ROMEO AND JULIET choreographed by Alexei Ratmansky (National Ballet of Canada). At the Four Seasons Centre (145 Queen West). To November 27. $25-$234. 416-345-9595. See listing. Rating: NNN
There's a reason why John Cranko's choreography for Romeo And Juliet remained in the National Ballet of Canada's repertoire for decades. It was powerful.
Not everything worked, mind you - those street scenes could get hokey - but the man knew how to capture character and drama in movement. The same can't be said of Alexei Ratmansky, whose new version opens the National's 60th season.
Don't get me wrong. The young Russian choreographer has talent, which we got to see in his recent elegant short ballet Russian Seasons. And there are glimpses of brilliance in his R&J, from the youthful, energetic scenes for Romeo's pals to the can't-stop-looking-at-each-other infatuation of the title characters, whose young love is captured in a heartbreakingly tender early pas de deux.
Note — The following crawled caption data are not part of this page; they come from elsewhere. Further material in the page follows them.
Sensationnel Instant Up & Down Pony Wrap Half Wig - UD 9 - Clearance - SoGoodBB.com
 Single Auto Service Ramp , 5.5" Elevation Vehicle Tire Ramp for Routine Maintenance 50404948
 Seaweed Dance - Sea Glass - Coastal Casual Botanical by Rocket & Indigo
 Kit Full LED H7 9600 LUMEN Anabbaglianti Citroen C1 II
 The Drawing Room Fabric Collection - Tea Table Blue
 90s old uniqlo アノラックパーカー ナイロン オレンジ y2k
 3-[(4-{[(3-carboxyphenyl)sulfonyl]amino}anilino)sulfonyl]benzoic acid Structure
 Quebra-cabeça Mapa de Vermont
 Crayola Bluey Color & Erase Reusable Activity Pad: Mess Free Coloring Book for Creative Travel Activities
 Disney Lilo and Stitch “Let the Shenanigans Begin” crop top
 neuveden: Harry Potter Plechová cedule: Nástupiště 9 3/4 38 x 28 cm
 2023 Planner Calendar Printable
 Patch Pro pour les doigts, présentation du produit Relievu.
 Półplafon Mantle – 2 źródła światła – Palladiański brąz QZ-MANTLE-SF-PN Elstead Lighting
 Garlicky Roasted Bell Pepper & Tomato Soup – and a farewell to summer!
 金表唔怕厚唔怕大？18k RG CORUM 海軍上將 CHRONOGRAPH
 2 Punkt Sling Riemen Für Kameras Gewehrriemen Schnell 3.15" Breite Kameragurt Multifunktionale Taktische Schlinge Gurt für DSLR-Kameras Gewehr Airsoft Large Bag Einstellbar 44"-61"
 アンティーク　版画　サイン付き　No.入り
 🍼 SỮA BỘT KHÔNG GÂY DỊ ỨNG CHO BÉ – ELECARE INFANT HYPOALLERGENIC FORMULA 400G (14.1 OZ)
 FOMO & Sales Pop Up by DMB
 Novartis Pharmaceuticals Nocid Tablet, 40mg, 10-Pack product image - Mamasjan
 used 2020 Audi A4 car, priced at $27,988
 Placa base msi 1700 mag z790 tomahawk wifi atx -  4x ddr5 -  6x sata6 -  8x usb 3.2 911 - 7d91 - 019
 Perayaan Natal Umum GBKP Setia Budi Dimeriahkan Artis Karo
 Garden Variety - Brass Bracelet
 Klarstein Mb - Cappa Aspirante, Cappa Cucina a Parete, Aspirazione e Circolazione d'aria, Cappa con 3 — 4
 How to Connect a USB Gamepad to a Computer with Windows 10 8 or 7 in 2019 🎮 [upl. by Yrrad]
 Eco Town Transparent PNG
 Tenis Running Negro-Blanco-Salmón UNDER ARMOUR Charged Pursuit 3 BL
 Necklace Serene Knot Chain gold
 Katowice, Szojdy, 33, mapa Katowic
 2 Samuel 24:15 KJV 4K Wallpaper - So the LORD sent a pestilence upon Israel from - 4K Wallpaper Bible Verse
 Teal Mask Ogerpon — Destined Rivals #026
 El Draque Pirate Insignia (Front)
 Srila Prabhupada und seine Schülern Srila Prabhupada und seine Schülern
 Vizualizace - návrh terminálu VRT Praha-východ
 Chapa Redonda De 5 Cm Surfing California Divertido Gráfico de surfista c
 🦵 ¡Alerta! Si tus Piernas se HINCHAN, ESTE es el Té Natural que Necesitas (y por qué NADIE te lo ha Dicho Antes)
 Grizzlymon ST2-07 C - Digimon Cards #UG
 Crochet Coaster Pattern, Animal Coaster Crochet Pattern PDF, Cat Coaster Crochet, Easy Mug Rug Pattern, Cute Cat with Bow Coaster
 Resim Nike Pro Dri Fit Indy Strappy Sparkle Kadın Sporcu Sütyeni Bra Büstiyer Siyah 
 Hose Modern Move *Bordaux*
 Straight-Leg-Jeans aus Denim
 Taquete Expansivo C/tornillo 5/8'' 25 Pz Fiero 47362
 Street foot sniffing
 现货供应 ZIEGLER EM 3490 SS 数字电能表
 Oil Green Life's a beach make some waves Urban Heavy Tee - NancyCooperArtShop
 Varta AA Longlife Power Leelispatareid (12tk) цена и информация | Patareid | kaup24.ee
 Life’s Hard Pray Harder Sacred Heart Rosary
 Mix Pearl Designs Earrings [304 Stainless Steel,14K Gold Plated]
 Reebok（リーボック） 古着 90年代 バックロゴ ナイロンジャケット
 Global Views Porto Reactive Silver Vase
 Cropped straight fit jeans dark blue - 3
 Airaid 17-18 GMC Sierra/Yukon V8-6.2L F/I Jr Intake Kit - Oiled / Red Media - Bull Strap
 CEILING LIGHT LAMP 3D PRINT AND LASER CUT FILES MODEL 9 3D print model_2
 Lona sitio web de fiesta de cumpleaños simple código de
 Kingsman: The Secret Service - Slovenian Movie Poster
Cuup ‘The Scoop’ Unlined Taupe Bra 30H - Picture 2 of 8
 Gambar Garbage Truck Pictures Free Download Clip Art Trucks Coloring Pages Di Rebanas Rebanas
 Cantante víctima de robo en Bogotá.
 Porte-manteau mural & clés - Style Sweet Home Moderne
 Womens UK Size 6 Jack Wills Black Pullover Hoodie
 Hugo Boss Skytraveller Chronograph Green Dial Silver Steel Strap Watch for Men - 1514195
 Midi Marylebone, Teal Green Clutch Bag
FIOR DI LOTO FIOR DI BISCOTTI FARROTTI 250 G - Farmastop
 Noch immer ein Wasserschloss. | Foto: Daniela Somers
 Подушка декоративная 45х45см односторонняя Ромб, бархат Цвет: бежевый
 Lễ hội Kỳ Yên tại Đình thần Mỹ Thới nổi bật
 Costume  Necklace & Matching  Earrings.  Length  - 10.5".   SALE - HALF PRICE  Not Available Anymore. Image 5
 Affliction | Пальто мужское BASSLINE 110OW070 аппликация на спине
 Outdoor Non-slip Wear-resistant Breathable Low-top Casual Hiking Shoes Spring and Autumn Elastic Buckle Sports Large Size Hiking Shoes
What Ratmansky fails to do, however, is find a way to suggest the pair's maturity and growth. By the beginning of act three, Cranko's couple are full-blown adults, their post-coital bedroom duet - with Juliet's pointe shoes literally dragging on the floor - a vision of hopeless romantic longing. Ratmansky's version shows them merely sad, with repeated lifts and twirls that could have come any time earlier.
Another scene that suffers is the Dance Of The Knights, performed to Prokofiev's menacing music and rendered in Cranko's version with a grand majestic sweep. Ratmansky intriguingly plays up the violence in the court - the men wield swords - but the scene looks thin and insubstantial. Certainly Richard Hudson's costumes don't add to the effect. (Speaking of costumes, it's hard to tell the warring Capulets from the Montagues, which I figure should be a no-brainer.)
That said, the National's opening- night cast performed their roles well, Guillaume Côté and Elena Lobsanova believable in their ardour, their partnering graceful and fluid. (Shame about Lobsanova's fall in the first act.) Piotr Stanczyk handled the physical and emotional demands of Mercutio with ease on Hudson's clean, unfussy set.
I'd mention other performers, but Radmansky's choreography doesn't allow for much secondary character development. He even robs Lady Capulet of her melodramatic Act II exit, replacing it with something that's still watchable - but not nearly as theatrical.